Problem to solve: Your output should be everything below from the line containing "Body modelujące, bezszwowe, średni" down to the line containing "Domino Kolye - Dumanlı", both ends included, copied exactly, with pictures left out.
** Raw data follows **
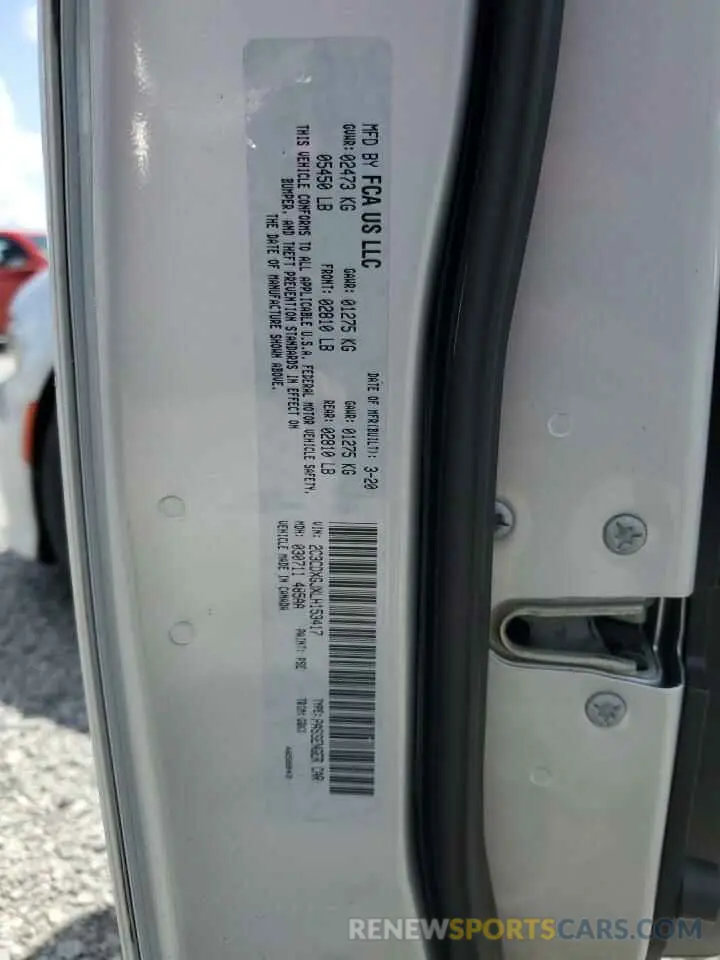 12 Photograph of a damaged car 2C3CDXGJXLH153417 DODGE CHARGER 2020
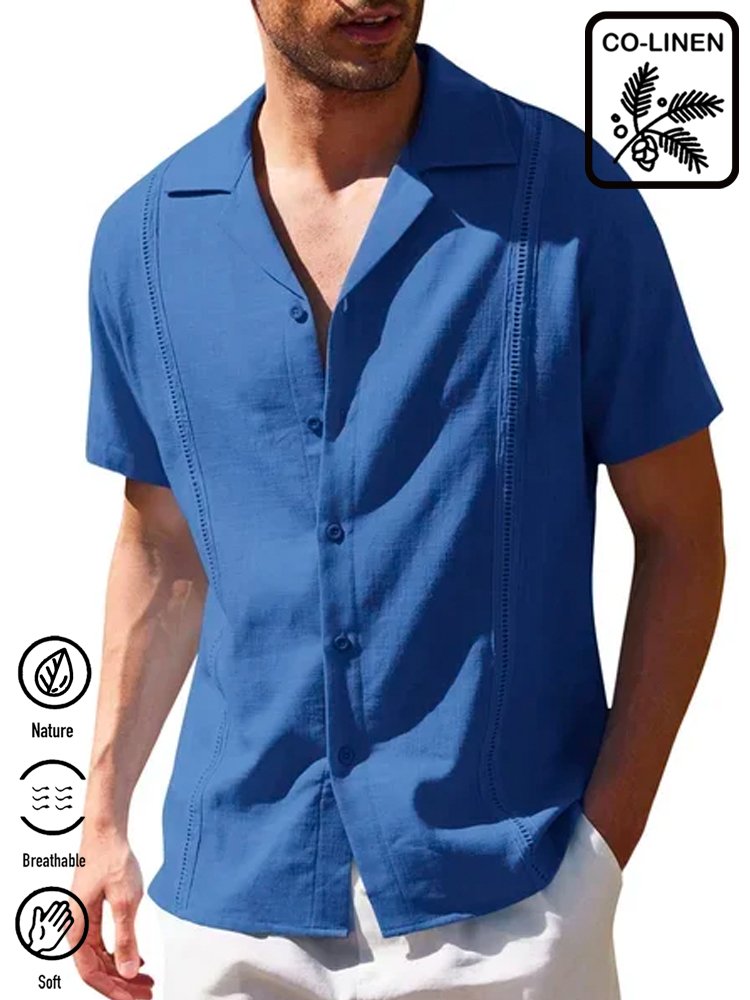 Men's Casual Cotton Linen Solid Color Camp Collar Plain Short Sleeve Shirt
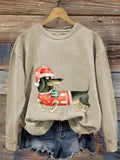 Merry Christmas Cute Dachshund Dog Print Sweatshirt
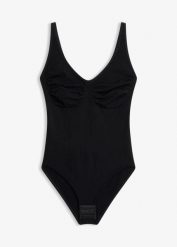 Body modelujące, bezszwowe, średni stopień modelowania sylwetki. Czarne bielizna wyszczuplająca bonprix, m, bez wzorów. Za 32.99 zł.
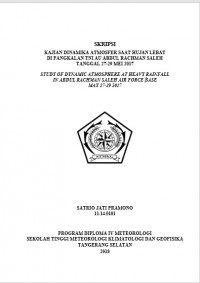 Image of KAJIAN DINAMIKA ATMOSFER SAAT HUJAN LEBAT DI PANGKALAN TNI AU ABDUL RACHMAN SALEH TANGGAL 27-29 MEI 2017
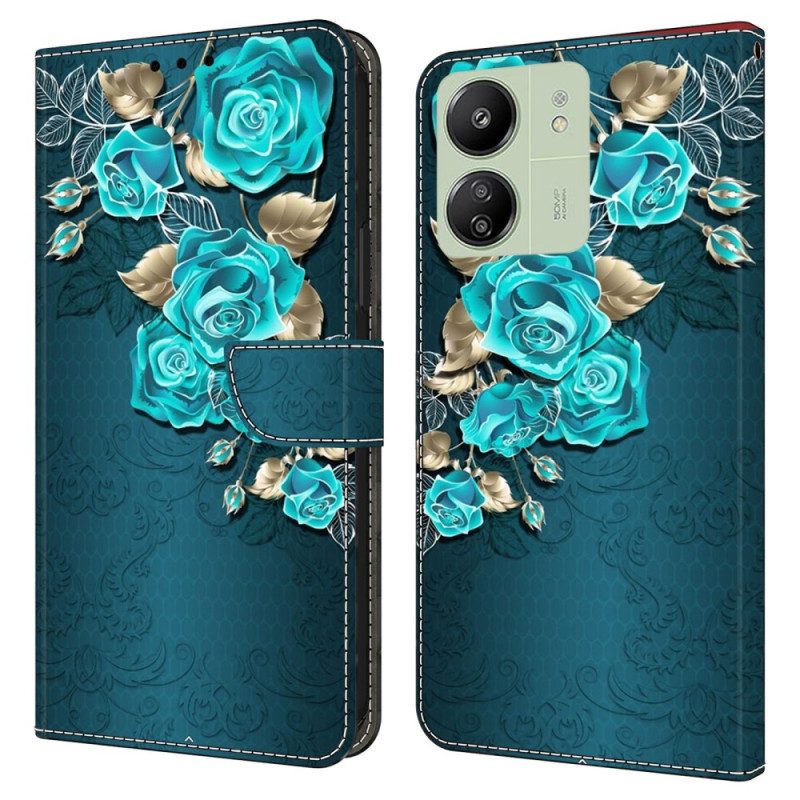 Leren Hoesje Poco C65 Blauwe Roos Bescherming Hoesje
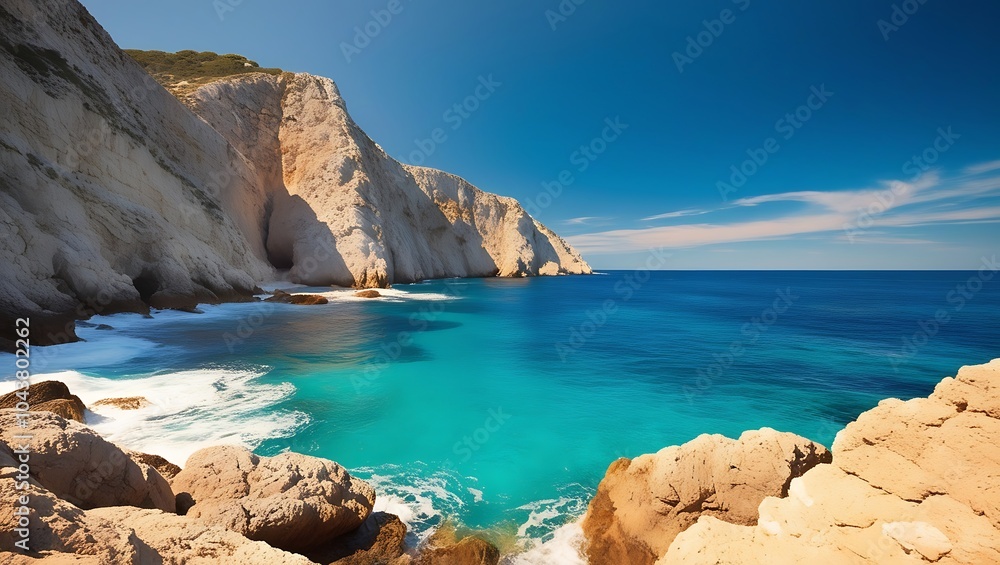Wallpaper of a sea coast showcasing dramatic cliffs and golden sands Wallpaper of a sea coast showcasing dramatic cliffs and golden sands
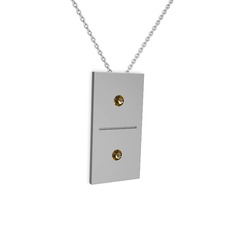 Domino Kolye - Dumanlı kuvars 14 ayar beyaz altın kolye (40 cm gümüş rolo zincir) #14d87w8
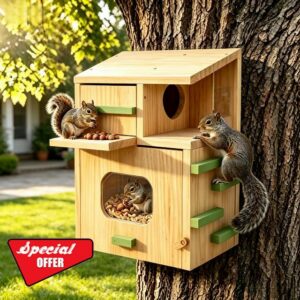 Weatherproof Squirrel House for Outside with Window Dual Balconies                                                          All-Season Wooden Nesting Box with Platform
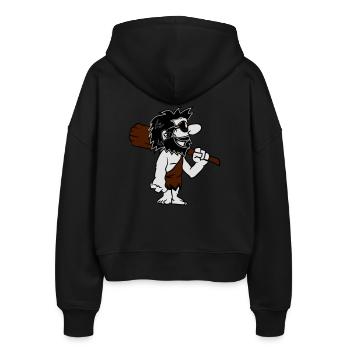 Steinzeitmensch witzig comic sonnenbrille - Stanley/Stella Boxy Frauen Bio Zip Hoodie Ida - Schwarz - Hinten - AI Model Female 172 light (172cm)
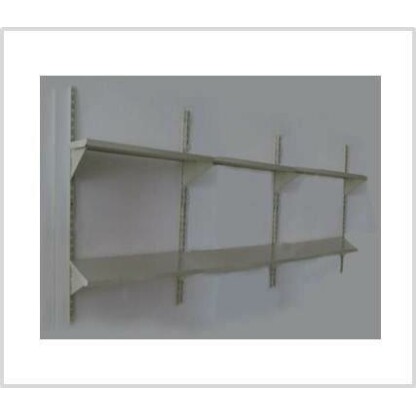 Heavy Duty 6 Shelves Set Wall Mounted Steel Shelving-Ivory Color Only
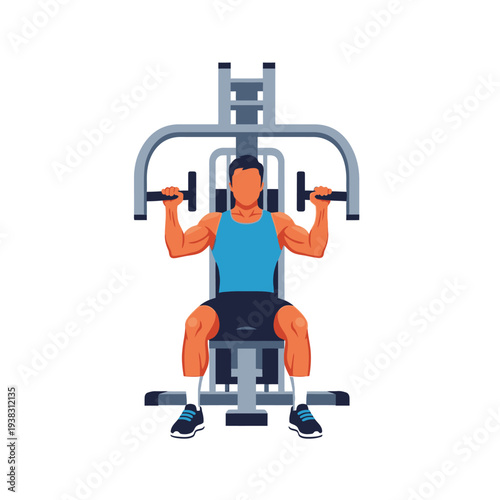Man working out on a gym machine, chest press exercise, fitness and strength training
** End of Raw data **
Exercise output:
 Body modelujące, bezszwowe, średni stopień modelowania sylwetki. Czarne bielizna wyszczuplająca bonprix, m, bez wzorów. Za 32.99 zł.
 Image of KAJIAN DINAMIKA ATMOSFER SAAT HUJAN LEBAT DI PANGKALAN TNI AU ABDUL RACHMAN SALEH TANGGAL 27-29 MEI 2017
 Leren Hoesje Poco C65 Blauwe Roos Bescherming Hoesje
Wallpaper of a sea coast showcasing dramatic cliffs and golden sands Wallpaper of a sea coast showcasing dramatic cliffs and golden sands
 Domino Kolye - Dumanlı kuvars 14 ayar beyaz altın kolye (40 cm gümüş rolo zincir) #14d87w8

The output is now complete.